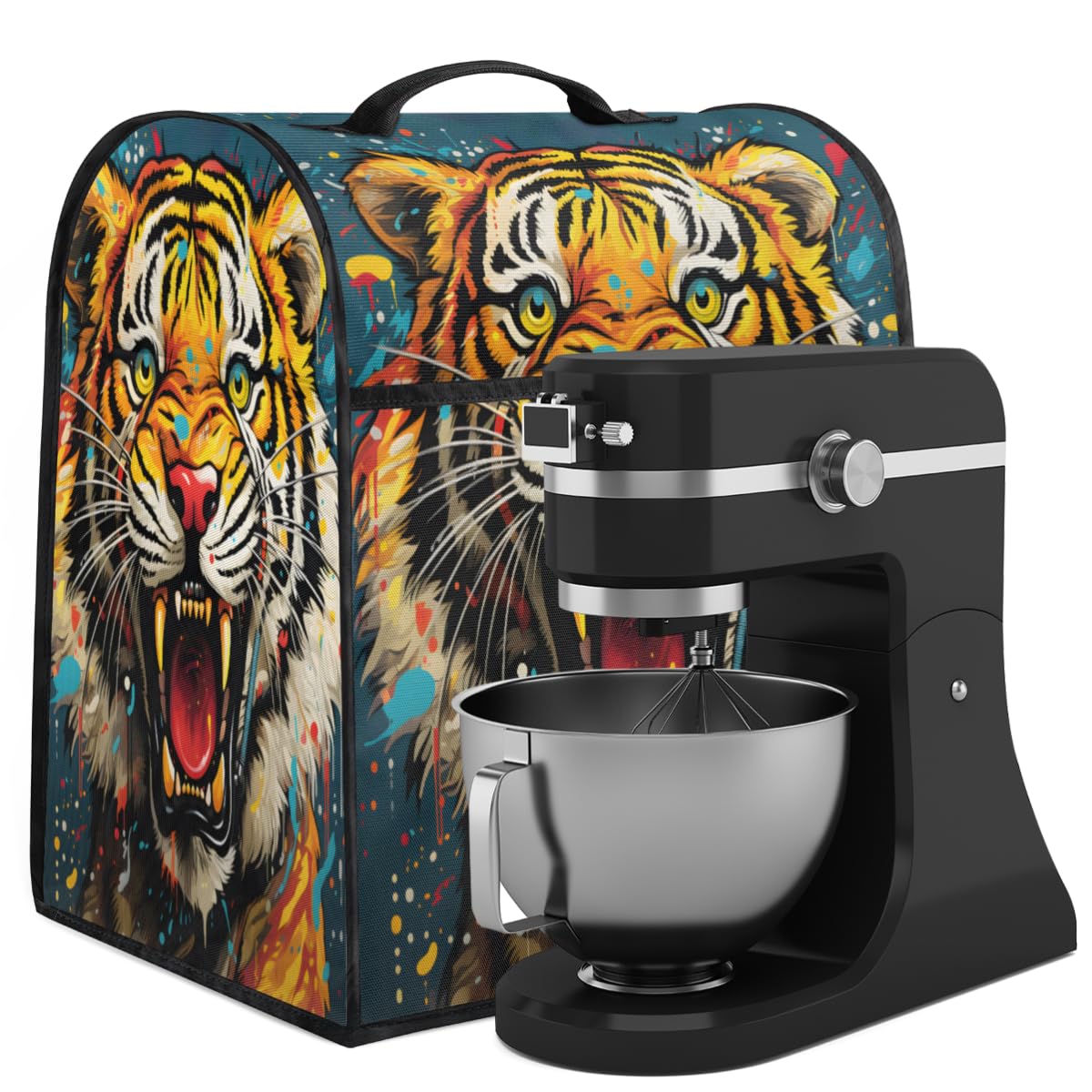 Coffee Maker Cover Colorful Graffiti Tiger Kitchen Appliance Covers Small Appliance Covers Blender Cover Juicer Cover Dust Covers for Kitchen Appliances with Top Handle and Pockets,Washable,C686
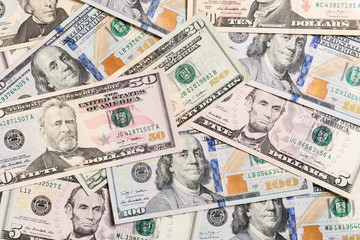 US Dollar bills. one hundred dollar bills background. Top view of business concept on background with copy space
----------
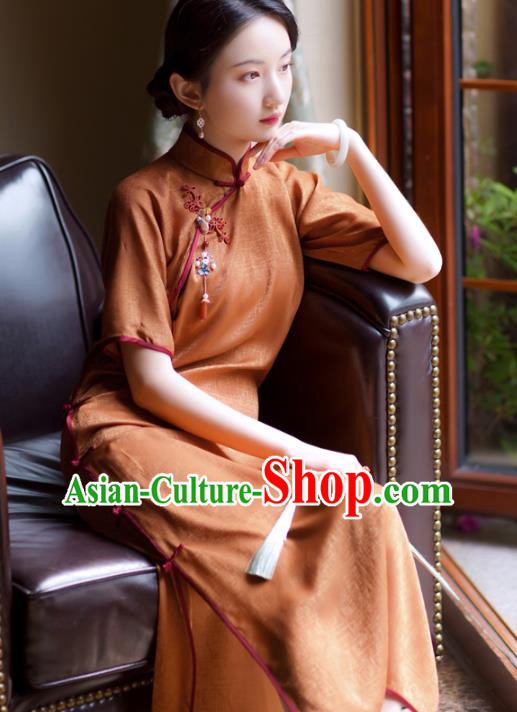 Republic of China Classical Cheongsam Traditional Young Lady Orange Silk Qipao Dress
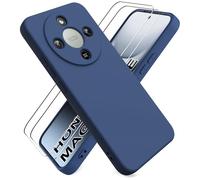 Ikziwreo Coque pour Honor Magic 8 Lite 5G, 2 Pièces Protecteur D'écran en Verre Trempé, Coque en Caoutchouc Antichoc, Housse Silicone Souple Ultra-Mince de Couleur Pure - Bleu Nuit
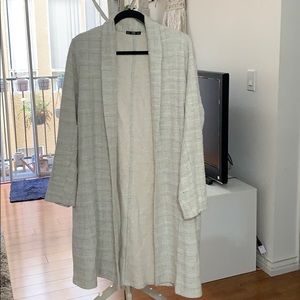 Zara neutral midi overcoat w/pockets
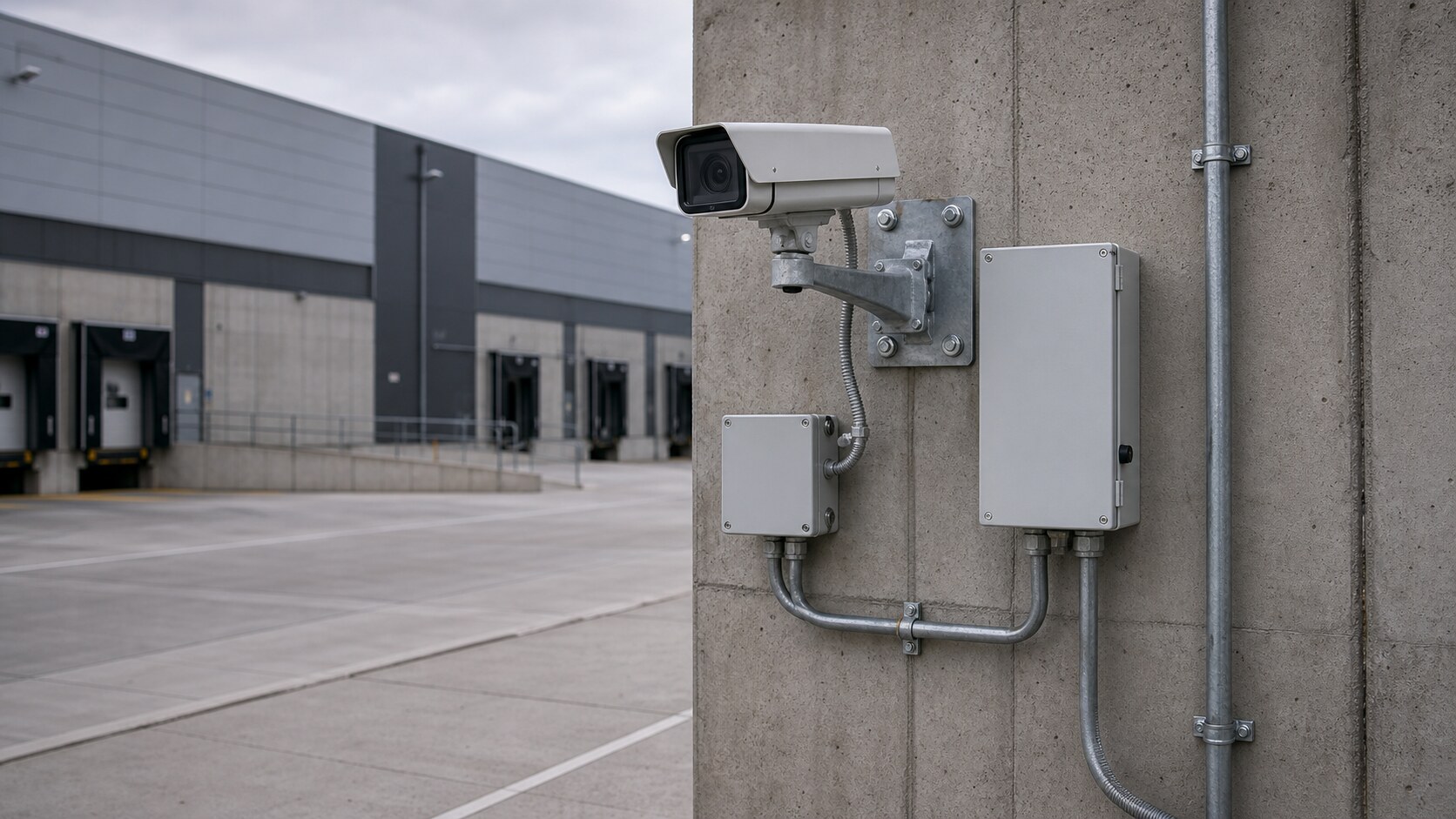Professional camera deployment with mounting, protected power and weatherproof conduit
----------
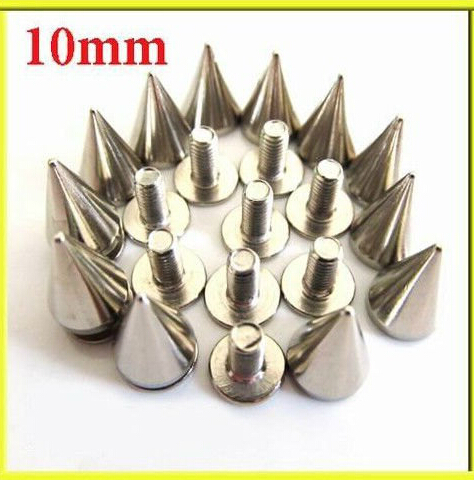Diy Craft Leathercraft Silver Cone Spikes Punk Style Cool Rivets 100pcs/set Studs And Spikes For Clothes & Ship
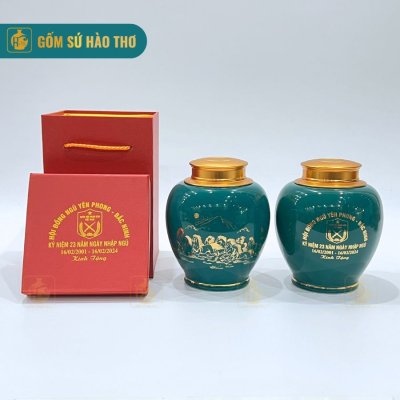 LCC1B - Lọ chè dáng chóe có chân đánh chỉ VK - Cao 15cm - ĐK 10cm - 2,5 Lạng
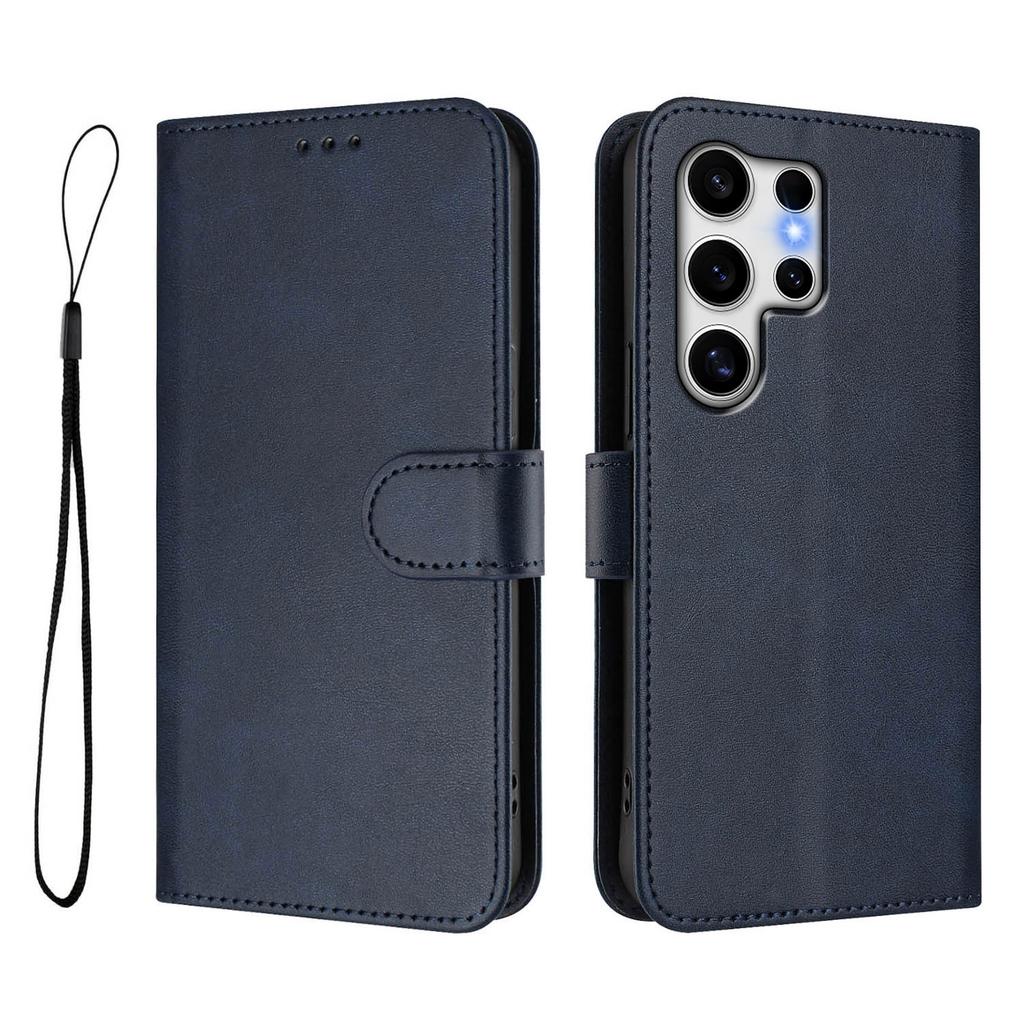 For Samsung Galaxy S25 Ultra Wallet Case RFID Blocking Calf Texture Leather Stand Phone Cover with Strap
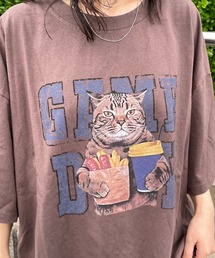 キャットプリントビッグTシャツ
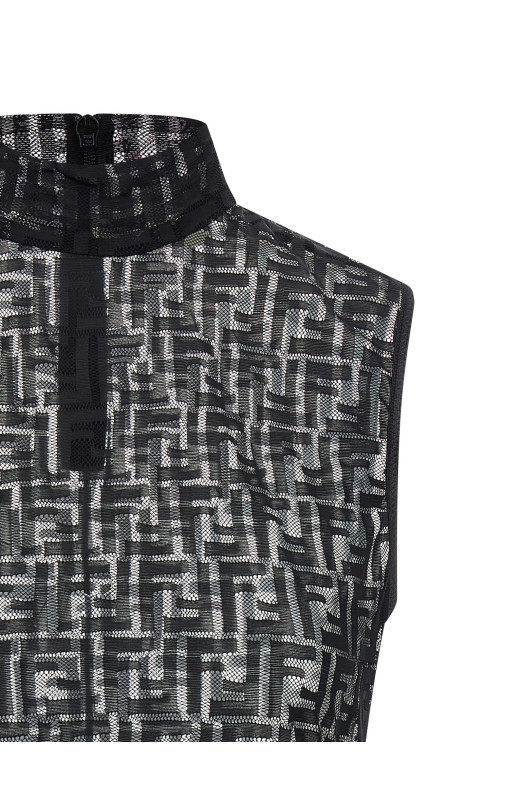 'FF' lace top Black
----------
▸ **Required work**: Write out, word for word, the stretch of entries that begins at the line with "Diy Craft Leathercraft" and ends at the line with "lace top Black". Pictures do not belong in it.

▸ **Answer to this exercise**:
Diy Craft Leathercraft Silver Cone Spikes Punk Style Cool Rivets 100pcs/set Studs And Spikes For Clothes & Ship
 LCC1B - Lọ chè dáng chóe có chân đánh chỉ VK - Cao 15cm - ĐK 10cm - 2,5 Lạng
 For Samsung Galaxy S25 Ultra Wallet Case RFID Blocking Calf Texture Leather Stand Phone Cover with Strap
 キャットプリントビッグTシャツ
 'FF' lace top Black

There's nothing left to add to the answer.